Vragen aan Professor Verkuyl

Vraag aan Prof verkuyl: Volgens Prof Wertheim heeft u contact gehad met een missie die in Nederland goodwill kwam kweken voor een coup van generaals die naast Soekarno wilden gaan regeren. Wie zijn bij u geweest, wanneer was dat en wat is er besproken?

Verkuyl: Wanneer dat contact plaats vond weet ik niet precies meer, maar het was enkele maanden voor de coup. In die tijd verkeerde Indonesië in grote economische en sociale moeilijkheden en de slechte gezondheid van Soekarno wakkerde bij links en rechts, bij communisten zowel als bij het leger de hoop op een machtsovername aan. In die tijd werd ik benaderd door een Indonesische missie, die het bericht verspreidde dat er een raad van generaals was gevormd. Het onofficiële en schaduwachtige van die missie vond ik te louche om me er mee in te laten en daarom stelde ik voor elkaar te spreken in tegenwoordigheid van de Indonesische ambassadeur in Nederland. Dat weigerden zij en dus is er geen officieel gesprek geweest.

Vraag: Volgens Wertheim heeft u hem verteld dat deze geheime missie door de generaalsraad gestuurd was. Nu houdt u vol dat deze mensen tegenstanders van de generaals waren (communisten en anderen).

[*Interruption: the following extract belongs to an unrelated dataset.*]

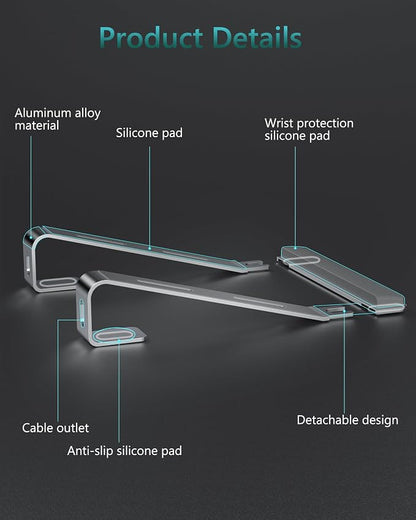 Aluminum Laptop Stand, Notebook Stand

Verkuyl: Ik kan niet zeggen wie mij bezocht hebben, omdat ik dan mensen in gevaar zou brengen. Maar Wertheim (aan wie ik deze dingen in vertrouwen verteld had) weet dat ik achteraf tot de conclusie ben gekomen dat deze mensen banden hadden met communisten. Toen werd nog niet direct aan een coup, maar meer aan een geruisloze putsch gedacht. De taktiek stond nog niet precies vast, maar naderhand (na mijn bezoek aan Indonesië begreep ik dat men gepoogd heeft andere groeperingen (protestanten, katholieken en anderen) voor het communistische karretje te spannen. Wertheim heeft mijn latere interpretatie van deze missie verzwegen.

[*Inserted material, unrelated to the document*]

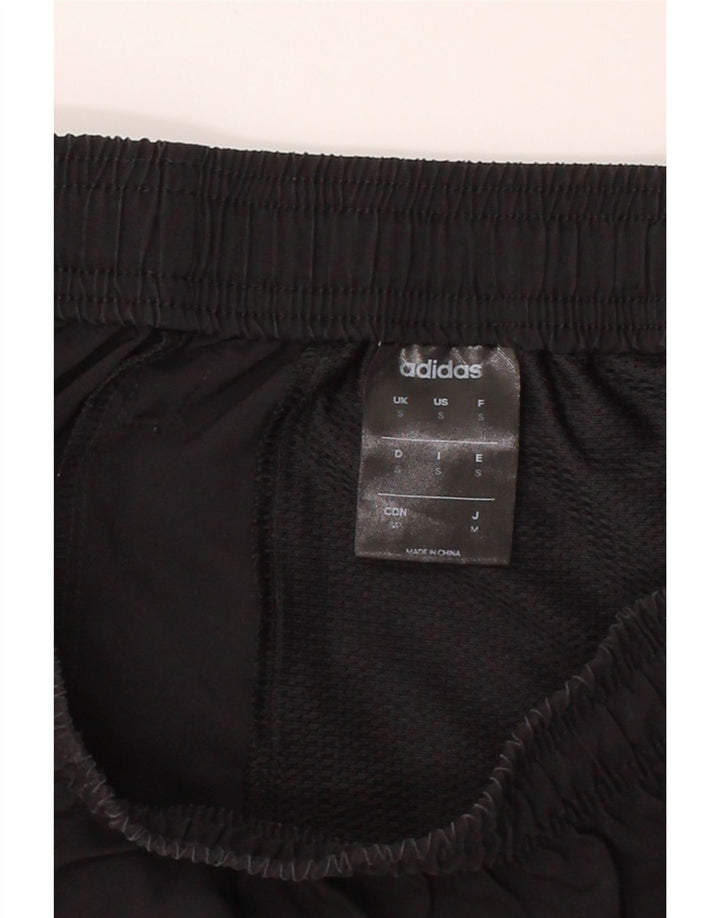 ADIDAS Womens Sport Shorts UK 8 Small Black Vintage Adidas and Second-Hand Adidas from Messina Hembry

Vraag: In dezelfde tijd zijn ook drie mensen van de communistische partij van Indonesië hier geweest, Njoto, Aidit en Loekman. Heeft u met hen gesproken?

Verkuyl: Nee. Maar ze zijn wel bij Wertheim geweest. Ze waren op weg naar Moskou en Peking. Vraagt u daarover maar aan Wertheim.

Vraag: Hoewel niet alles bekend is over de gebeurtenissen in Indonesië in 1965 is het toch wel merkwaardig dat Wertheim en u tot zo verschillende conclusies kunnen komen.

Verkuyl: Wertheim is ideologisch horig. Hij gelooft zo sterk in het model-Peking, dat hij halve waarheden niet schuwt. Zo negeert hij in het geheel van factoren het aandeel dat de PKI-leiders in de moord op de generaals hebben gehad. Dat is de aanleiding geworden tot de gruwelijke burgeroorlog.

Vraag: Soeharto is nu vijf jaar aan de macht. Was die tijd niet lang genoeg om gehoor te geven aan de kritiek die op zijn behandeling van politieke tegenstanders is geuit?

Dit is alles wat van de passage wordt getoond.